A quickie post because there’s lots to do today and I was away yesterday, dealing with conference stuff. One of our conference participants has published two books of genre fiction–maybe I won’t identify the genre–and sent me a copy of one. I read the first three chapters on my way home, and I can’t believe how poorly copy-edited the book is–or, more likely, not copy-edited at all. It started with tussled for tousled on page 3 (“I playfully tussled his hair”) and just went on from there. Ugh. That’s a flat-out error–and there were others!–but there were also lots of borderline usage issues that a copy editor would have questioned. I will stop short of saying the whole thing is poorly written, but it’s not impressive.
And yes, I realize that if I had a copy editor for this blog, I would use fewer parentheses and em dashes, make fewer punctuation errors and be more precise in my verb-preposition pairings, but when I’m reading a published book from a reputable mass-market press, I do expect not to find three mistakes and eight or nine instances of questionable or infelicitous usage per (short) chapter! Except maybe I should, these days?

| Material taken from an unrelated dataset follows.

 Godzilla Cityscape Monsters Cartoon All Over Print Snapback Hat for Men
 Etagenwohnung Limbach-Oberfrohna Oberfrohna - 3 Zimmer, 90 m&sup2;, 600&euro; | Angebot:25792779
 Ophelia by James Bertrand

More amusing: as I sat on the bus to Conference City, I listened to a twentysomething guy’s cellphone conversation. There’d been some kind of regime change at the restaurant where he worked, and a couple of people had been fired, after which they’d all gone out to a bar and gotten hammered:
“Yeah, I tried calling him before I left this morning, but it was six a.m. and he’d gotten so drunk last night. He was practically coma toast.“
This, I liked.
Have you got any funny or infuriating grammar and usage anecdotes to share? Or any wonderful malapropisms?